Having left Collingham John was married to Nellie Child from Thorpe Salvin, where her family were farming. He and Nellie took a farm at Hardwick near Anston after their marriage and two children Mary (b1912 & d. 1935) and Ben (b.1913 & d. 1984) were born there. After their move to Broomhill Grange, Edwinstowe, John was born in 1916 and he lived there until he died in 1989.
Both John and Nellie were keen horsemen, and the farming income was supplemented by “bringing on” horses and selling them, something John had done in his youth. All the children were brought up to ride, and for a short time Mary had a riding school at Broomhill. During the 1950’s many horses went through the “Bealby’s” hands both at point to points and National Hunt racing, the most famous being Larry Finn, Martini and Mariners Hand.
John snr who became known as “The Governor” was forward thinking and innovative. Apart from being an excellent judge of horses, he had a keen eye for good cattle and sheep. John liked to show cattle especially at Christmas Fatstock shows both locally and further a field, winning many prizes. Ben followed in his father’s footsteps as a very keen horse and cattle man, whilst his brother, young John, developed a bent for agricultural engineering, becoming the man to mend “all this fancy new mechanical stuff”.
Before the war, John and Nellie purchased Radmanthwaite Farm, on the outskirts of Mansfield, the first home of John (jnr) and his wife Kate. Later in the early 1940’s he purchased Burnt Leys Farm at Steetley, from Dido Palmer, where Ben and his wife Betty lived and soon afterwards Shireoaks Hall Farm, where “The Governor” built a bungalow, and saw out his days there, dying in 1968.

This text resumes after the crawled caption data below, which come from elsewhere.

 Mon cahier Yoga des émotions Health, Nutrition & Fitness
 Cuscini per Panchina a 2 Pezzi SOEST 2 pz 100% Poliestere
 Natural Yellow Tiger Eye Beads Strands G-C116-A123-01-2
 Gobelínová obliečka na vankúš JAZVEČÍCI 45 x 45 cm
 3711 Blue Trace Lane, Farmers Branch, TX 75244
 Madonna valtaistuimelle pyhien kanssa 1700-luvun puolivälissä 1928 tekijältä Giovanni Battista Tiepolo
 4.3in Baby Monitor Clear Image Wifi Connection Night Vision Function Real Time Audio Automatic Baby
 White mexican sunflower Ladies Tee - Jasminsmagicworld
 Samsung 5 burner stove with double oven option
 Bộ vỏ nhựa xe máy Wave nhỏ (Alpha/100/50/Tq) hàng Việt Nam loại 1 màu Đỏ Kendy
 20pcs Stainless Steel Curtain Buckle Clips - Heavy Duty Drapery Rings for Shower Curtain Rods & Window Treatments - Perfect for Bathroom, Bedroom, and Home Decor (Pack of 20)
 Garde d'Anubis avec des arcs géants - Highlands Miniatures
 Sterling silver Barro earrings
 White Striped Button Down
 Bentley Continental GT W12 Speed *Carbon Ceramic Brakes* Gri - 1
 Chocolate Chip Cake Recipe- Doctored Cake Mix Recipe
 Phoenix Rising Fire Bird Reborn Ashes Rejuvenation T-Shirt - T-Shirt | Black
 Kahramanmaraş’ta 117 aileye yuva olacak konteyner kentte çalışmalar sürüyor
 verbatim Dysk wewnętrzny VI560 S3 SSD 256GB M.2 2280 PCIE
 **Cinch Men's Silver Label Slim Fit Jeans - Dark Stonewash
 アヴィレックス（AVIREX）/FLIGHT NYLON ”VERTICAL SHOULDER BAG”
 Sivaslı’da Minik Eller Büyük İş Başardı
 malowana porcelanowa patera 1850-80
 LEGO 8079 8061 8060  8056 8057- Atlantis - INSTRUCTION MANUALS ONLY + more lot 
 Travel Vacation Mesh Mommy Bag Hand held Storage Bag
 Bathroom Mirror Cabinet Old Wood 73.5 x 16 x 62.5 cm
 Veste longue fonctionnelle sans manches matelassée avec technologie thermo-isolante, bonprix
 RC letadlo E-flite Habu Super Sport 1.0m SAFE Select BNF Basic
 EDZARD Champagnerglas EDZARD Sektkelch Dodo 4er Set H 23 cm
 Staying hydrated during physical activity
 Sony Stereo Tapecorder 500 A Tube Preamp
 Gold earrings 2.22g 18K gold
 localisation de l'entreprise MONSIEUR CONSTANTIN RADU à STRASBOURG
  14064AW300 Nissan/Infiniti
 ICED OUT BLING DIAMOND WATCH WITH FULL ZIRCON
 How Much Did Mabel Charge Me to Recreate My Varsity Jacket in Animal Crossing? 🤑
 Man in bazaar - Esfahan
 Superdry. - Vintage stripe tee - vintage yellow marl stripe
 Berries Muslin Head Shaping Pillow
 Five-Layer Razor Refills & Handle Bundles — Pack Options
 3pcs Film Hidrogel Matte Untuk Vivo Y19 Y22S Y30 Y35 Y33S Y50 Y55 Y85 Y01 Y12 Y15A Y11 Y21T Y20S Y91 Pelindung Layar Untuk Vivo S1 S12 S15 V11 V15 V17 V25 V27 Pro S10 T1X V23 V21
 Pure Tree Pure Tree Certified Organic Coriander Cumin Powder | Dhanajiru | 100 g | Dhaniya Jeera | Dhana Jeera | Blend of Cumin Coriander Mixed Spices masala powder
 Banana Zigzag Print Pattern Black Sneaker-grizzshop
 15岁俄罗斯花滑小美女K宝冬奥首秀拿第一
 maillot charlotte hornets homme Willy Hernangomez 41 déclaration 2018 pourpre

Just after the war, Welbeck Estates sold off the Clipstone Estate which included Broomhill Grange, of 421 acres together with six cottages for £10,000, and land at New Buildings, for £3750. Some time after the sale, in 1950 Holly Farm and Portland Row cottages were sold and the Bealby family purchased those as well, having farmed both Holly Farm and Yew Tree Farm, across the road. John & Kate lived at Holly Farm after Radmanthwaite, followed by Nellie Bealby and then Robert and Jane until it was sold together with 12 acres in 1969. In 1965 John, The Governor purchased Newbound Farm, Teversal on the outskirts of Pleasley. The family were then farming around 2000 acres, and it is around this mark today although some land has been sold and more purchased. As the business grew, the company of J. Bealby & Sons Ltd was registered in 1956. Duckpool Plantation was bought in 1983, giving the farm a boundary along the River Maun from Kings Clipstone through to the outskirts of Edwinstowe. Square Farm, Hodthorpe, adjunct land to Burnt Leys was purchased in 1996, and more recently some more land at New Buildings, on the outskirts of Clipstone has rejoined the farm.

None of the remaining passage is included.